What this in fact does is that it makes every motion impossible, because for John to cover half of the half of the distance, as well as prior to doing that, he must cover half of the half of the half of the distance that is remaining, and this procedure keeps repeating itself so that in fact he can never move whatever distance at all, since by so doing, it entails first covering an infinite number of little middle distances.

Well, assuming that John can be able cover all the infinite number of tiny distances, how far will he have walked? Two hundred meters! In other words,

[200=\frac{200}{2}+\frac{200}{4}+\frac{200}{8}+\frac{200}{16}+\frac{200}{32}+ frac{200}{64} +…]

Summing up an infinite figure of positive distances is supposed to provide a distance that is infinite from the sum. However, it does not -in John’s case it gives a number that is finite; in reality, all these small distances sum up to 200. The logic is that if one can divide a distance that is finite into a number of little distances that are infinite, then summing up all those distances collectively ought to give back the finite distance that one started with.
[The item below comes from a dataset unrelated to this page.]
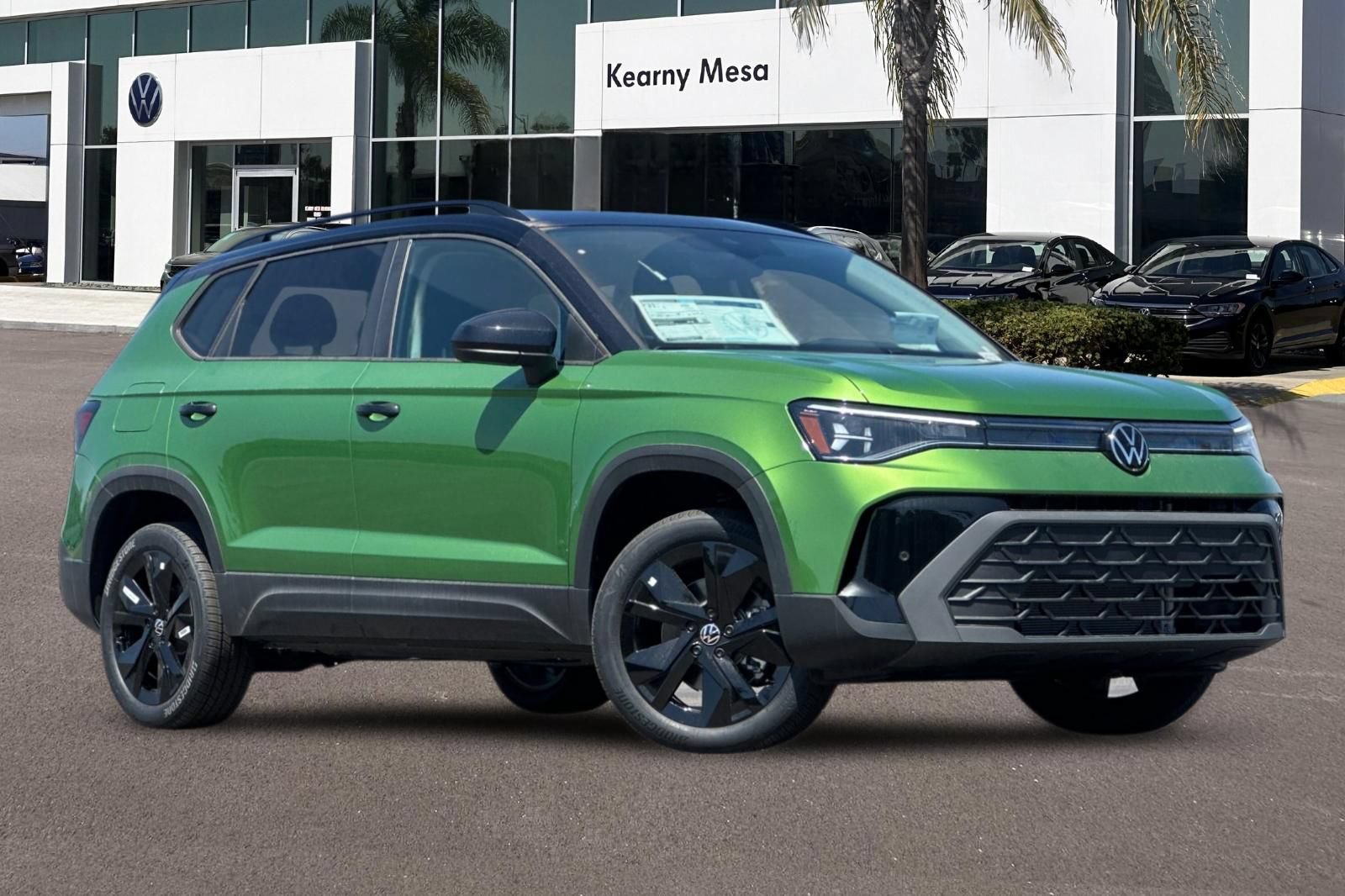 New 2026 Volkswagen Taos SE FWD image 2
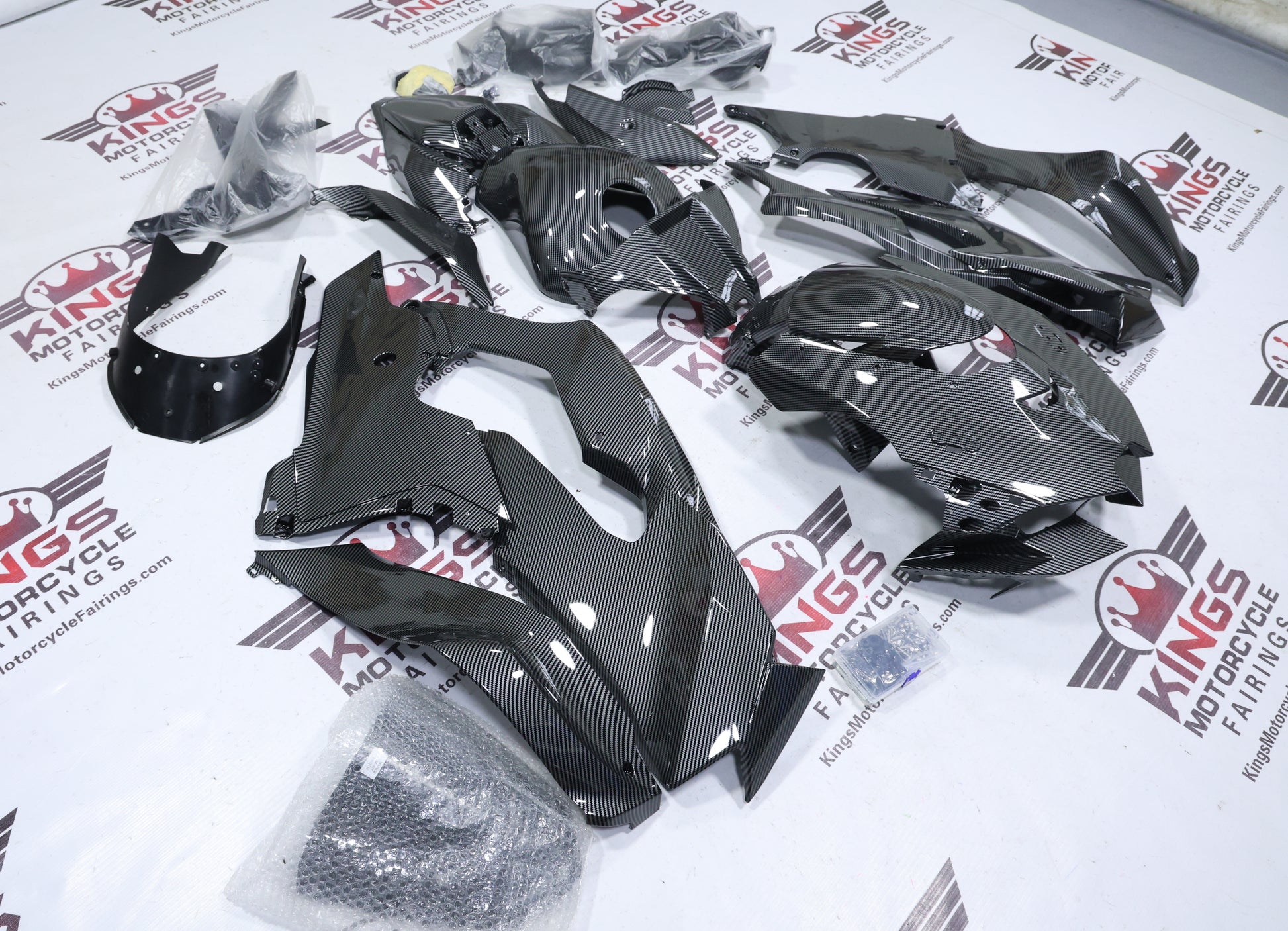 Kawasaki Ninja ZX10R Fairings (2021-2025) Faux Carbon Fiber Design at KingsMotorcycleFairings.com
Therefore, the solution to the Zeno’s paradox is simple. Apparently, it will take John some fixed time so as to cover half of the field’s distance, for instance, 10 minutes. How long will John take to cover half of the 100 meters that is remaining? Half as long – just 5 minutes. In order to cover half of the remaining 50 meters, it will take him 2.5 minutes, and so on. Once John has covered all the numerous infinite distances, as well as sum up the time he took to cross them. Finally, John will reach the other end of the field. Therefore, in the paradox of Achilles and the tortoise, Achilles will have won that race.

In conclusion, there are various flaws that exist in Zeno’s paradox, and which are still debatable today. The solution in this paradox is analogous. Although the solution to the paradoxes of Zeno took many years in order to materialize, the philosophical problem can be solved. In case there exists different alternative treatments to the Zeno's paradoxes, then there arises the issue of if there is a distinct solution to these paradoxes or a number of solutions. From the viewpoint of Zeno’s paradoxes, the most noteworthy lesson that has been learned by those trying to resolve these paradoxes is that the only way out needs revision of many old theories as well as their concepts.